4. Modifica del Titolo V.

È la parte della Costituzione dedicata agli Enti autonomi che costituiscono la Repubblica. Si è riscritto l’elenco delle materie riportandone molte alla competenza dello Stato e sottraendole alle regioni.  Inoltre sono state cancellate le province dal testo costituzionale.

5. Leggi popolari e referendum.

Cambiamenti anche per gli istituti di democrazia diretta. Per presentare una proposta di legge popolare serviranno 150mila firme (oggi ne occorrono almeno 50mila da parte degli elettori).

È salita anche la soglia per il referendum abrogativo: non più 500 mila firme di elettori, ma 800 mila e il quorum sarà fissato al 51% dei votanti delle ultime politiche. Invece se la raccolta firme si attesta tra le 500 e 800mila resta il quorum del 51% degli aventi diritto al voto.

La confusione più evidente è relativa alla tecnicità molto incerta e aleatoria che prevede il pseudo metodo elettivo dei senatori consiglieri regionali.
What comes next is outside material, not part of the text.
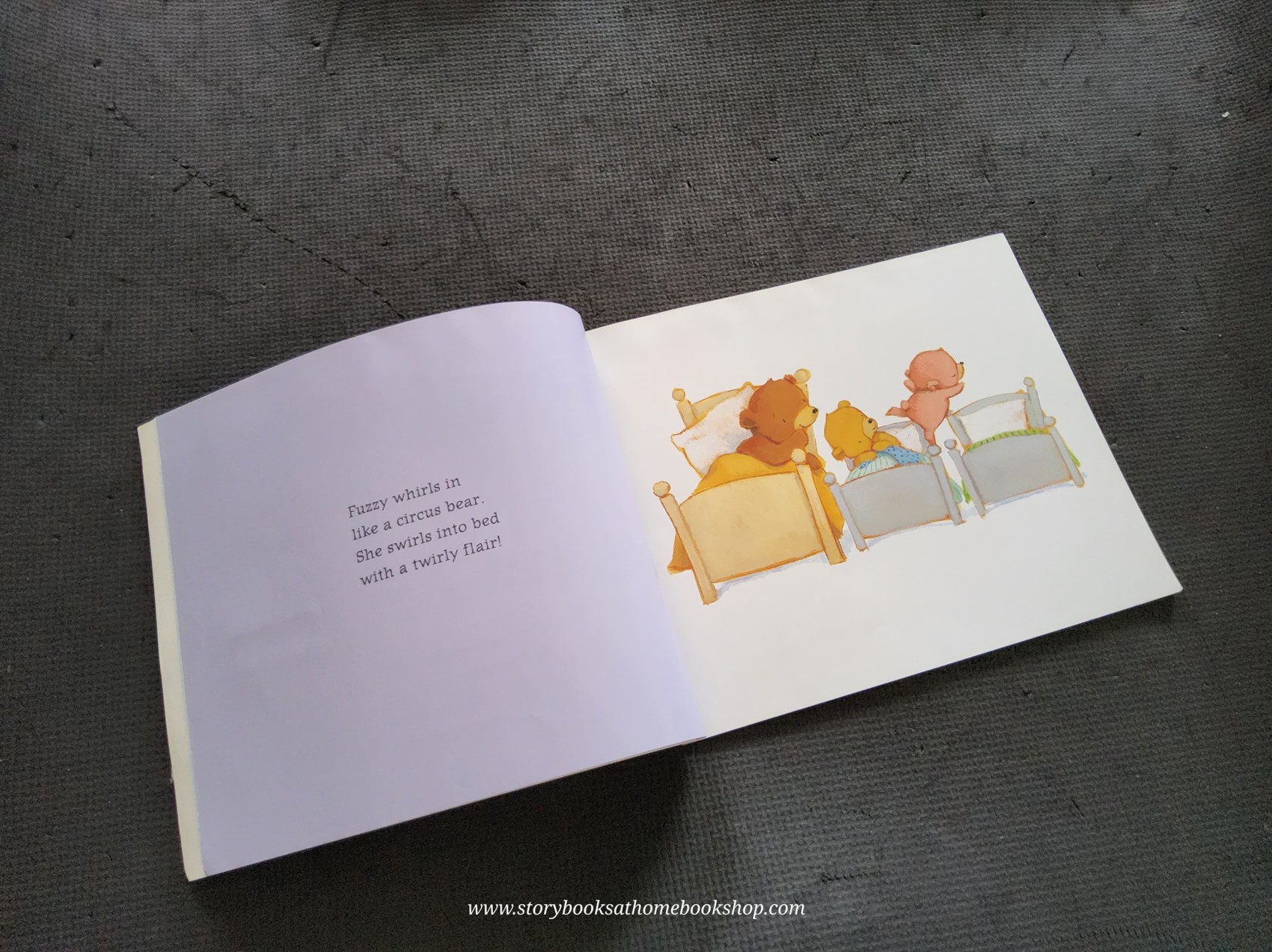 หนังสือนิทานปกอ่อน** 🍅🍓Bears in Beds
Meccanismo astruso che non molti cittadini sono in grado di cogliere.

Il Senato ridimensionato nei numero e componenti e svuotato dalla originali funzioni e competenze, si configura come una ripetizione della Conferenza Stato Regioni e dunque una clonazione dei posti di potere.

La stessa confusione che riguarda la revisione del Titolo Quinto, con l’abolizione della competenza concorrente e la ridistribuzione delle materie in capo allo Stato.

Dunque se il referendum costituzionale sarà sconfitto, è ovvio che trascinerebbe con sé la nuova brutta legge elettorale, rendendola inapplicabile, in quanto pensata, scritta e attuabile per la sola Camera dei deputati, nella previsione che il Senato non avesse più il rapporto fiduciario con il governo, come previsto dalla riforma stessa.

Se invece il SI dovesse prevalere,

Non si aboliscono i senatori a vita

Dopo le province si cancella il diritto al voto per il Senato

La riforma costituzionale unita alla nuova legge elettorale, darà la possibilità ad una minoranza (lista che prende un voto in più) di nominare più di 1500 posti di Governo e sottogoverno

Crea un “premierato assoluto” che mira al centralismo invece che al decentramento e alla sussidiarietà

Aumenta il numero di firme per i referendum abrogativi e non istituisce quelli propositivi

La Corte Costituzionale resta un Organo Politico e non garante

Come già accennato al Lingotto il Presidente del consiglio Matteo Renzi affiancato da un gigionesco Serio Chiamparino ribadiva contestualmente le ragioni del Si e gli anatemi ormai usuali alle orecchie degli italiani.

Ma l’aspetto più stridente era  la presenza del governatore Chiamparino a far da balia a Renzi sul palco.

Con quale coerenza  colui che dovrebbe propugnare e difendere le prerogative istituzionali e fondative della regione con tanta faciloneria applaude ed incoraggia una legge che sminuisce la portata e mortifica l’ordinamento regionale?

Ci sarà qualche consigliere regionale tra i presenti di ieri che avvertirà la necessità di presentare una mozione di sfiducia a Chiamparino in apertura del prossimo consiglio regionale?